Work item: What lines in the listing include "trim"? Return a copy of each.

Record set:
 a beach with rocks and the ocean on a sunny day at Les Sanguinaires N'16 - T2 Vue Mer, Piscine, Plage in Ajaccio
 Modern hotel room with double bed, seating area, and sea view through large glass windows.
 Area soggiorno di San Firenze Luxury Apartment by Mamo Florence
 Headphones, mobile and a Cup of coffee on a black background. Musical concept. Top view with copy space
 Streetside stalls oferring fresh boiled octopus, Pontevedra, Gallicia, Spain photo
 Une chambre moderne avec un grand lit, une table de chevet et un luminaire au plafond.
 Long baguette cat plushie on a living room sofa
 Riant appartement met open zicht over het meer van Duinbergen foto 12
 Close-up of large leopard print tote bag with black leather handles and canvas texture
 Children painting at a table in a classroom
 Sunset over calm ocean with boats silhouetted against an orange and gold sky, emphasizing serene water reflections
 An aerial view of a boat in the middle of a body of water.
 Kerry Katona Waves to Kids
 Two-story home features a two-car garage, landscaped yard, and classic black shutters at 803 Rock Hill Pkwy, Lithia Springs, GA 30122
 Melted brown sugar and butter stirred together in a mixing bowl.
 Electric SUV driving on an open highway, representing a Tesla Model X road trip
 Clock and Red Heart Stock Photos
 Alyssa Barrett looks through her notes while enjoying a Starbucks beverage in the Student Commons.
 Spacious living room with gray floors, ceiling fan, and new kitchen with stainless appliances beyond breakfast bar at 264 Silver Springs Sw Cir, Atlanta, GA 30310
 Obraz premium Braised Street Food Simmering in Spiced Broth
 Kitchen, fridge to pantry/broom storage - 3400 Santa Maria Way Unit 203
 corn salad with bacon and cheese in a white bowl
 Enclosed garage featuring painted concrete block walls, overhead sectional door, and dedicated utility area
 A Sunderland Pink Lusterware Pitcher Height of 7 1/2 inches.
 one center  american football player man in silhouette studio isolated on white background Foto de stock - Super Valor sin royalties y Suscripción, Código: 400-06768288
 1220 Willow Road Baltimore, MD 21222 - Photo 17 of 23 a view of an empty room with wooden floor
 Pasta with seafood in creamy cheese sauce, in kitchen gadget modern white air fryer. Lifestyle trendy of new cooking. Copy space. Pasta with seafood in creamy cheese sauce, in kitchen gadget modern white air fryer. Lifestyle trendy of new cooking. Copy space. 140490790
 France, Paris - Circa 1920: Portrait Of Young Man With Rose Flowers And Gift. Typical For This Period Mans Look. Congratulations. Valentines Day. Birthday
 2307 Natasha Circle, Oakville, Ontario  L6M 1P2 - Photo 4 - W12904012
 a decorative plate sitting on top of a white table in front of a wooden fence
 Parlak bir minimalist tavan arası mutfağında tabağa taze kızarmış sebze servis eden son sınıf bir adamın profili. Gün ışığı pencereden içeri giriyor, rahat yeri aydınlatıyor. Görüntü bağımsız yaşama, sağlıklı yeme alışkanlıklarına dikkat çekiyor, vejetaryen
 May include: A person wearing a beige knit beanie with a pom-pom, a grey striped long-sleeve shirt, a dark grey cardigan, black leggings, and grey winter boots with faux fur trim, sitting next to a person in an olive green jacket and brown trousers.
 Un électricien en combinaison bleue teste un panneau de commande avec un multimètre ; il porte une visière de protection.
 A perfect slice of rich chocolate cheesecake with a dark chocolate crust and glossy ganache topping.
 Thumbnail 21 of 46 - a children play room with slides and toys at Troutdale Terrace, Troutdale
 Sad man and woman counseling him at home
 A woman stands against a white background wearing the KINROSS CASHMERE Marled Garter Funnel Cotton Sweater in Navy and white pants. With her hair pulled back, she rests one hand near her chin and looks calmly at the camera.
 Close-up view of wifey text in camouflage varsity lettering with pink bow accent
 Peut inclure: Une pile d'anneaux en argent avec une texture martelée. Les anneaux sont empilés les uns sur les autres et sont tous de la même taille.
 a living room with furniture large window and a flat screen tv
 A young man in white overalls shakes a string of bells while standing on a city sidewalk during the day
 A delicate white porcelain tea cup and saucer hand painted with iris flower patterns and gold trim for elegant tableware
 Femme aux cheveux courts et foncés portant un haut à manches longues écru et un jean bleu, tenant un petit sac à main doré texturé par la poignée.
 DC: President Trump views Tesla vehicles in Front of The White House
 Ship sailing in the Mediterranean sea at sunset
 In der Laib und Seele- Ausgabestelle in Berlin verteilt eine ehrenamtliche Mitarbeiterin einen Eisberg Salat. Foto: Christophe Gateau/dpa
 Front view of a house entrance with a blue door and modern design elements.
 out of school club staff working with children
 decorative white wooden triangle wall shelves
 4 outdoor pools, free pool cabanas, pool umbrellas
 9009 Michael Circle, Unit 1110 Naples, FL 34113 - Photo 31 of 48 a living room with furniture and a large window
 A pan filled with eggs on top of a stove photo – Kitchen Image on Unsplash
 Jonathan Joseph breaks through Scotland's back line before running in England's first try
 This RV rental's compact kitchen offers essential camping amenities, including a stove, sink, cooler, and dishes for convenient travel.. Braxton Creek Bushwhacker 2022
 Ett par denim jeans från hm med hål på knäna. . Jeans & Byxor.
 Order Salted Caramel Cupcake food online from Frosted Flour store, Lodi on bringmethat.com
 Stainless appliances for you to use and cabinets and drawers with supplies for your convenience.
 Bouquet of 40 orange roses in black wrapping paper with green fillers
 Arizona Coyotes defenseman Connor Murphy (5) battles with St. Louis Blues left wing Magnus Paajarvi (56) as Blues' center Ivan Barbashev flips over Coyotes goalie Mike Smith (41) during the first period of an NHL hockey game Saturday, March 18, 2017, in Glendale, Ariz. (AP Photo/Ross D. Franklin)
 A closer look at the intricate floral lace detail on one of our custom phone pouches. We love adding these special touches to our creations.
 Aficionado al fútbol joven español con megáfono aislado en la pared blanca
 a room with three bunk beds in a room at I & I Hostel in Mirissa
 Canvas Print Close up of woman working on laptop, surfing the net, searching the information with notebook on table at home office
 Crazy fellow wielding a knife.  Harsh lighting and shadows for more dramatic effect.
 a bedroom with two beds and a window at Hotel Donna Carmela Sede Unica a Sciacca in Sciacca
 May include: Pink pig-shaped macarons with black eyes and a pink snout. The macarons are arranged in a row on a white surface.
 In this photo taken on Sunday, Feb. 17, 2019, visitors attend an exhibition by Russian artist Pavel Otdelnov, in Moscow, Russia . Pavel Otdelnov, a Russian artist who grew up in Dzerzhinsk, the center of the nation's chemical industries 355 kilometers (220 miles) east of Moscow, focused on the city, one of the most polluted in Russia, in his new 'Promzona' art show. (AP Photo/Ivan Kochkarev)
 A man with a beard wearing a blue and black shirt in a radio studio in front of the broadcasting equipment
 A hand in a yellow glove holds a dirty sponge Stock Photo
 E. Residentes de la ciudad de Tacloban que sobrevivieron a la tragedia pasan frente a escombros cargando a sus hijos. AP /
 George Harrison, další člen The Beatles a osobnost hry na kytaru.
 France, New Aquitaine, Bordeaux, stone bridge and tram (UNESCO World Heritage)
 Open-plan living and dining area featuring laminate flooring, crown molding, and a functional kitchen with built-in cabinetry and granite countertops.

Your response:
 May include: A person wearing a beige knit beanie with a pom-pom, a grey striped long-sleeve shirt, a dark grey cardigan, black leggings, and grey winter boots with faux fur trim, sitting next to a person in an olive green jacket and brown trousers.
 A delicate white porcelain tea cup and saucer hand painted with iris flower patterns and gold trim for elegant tableware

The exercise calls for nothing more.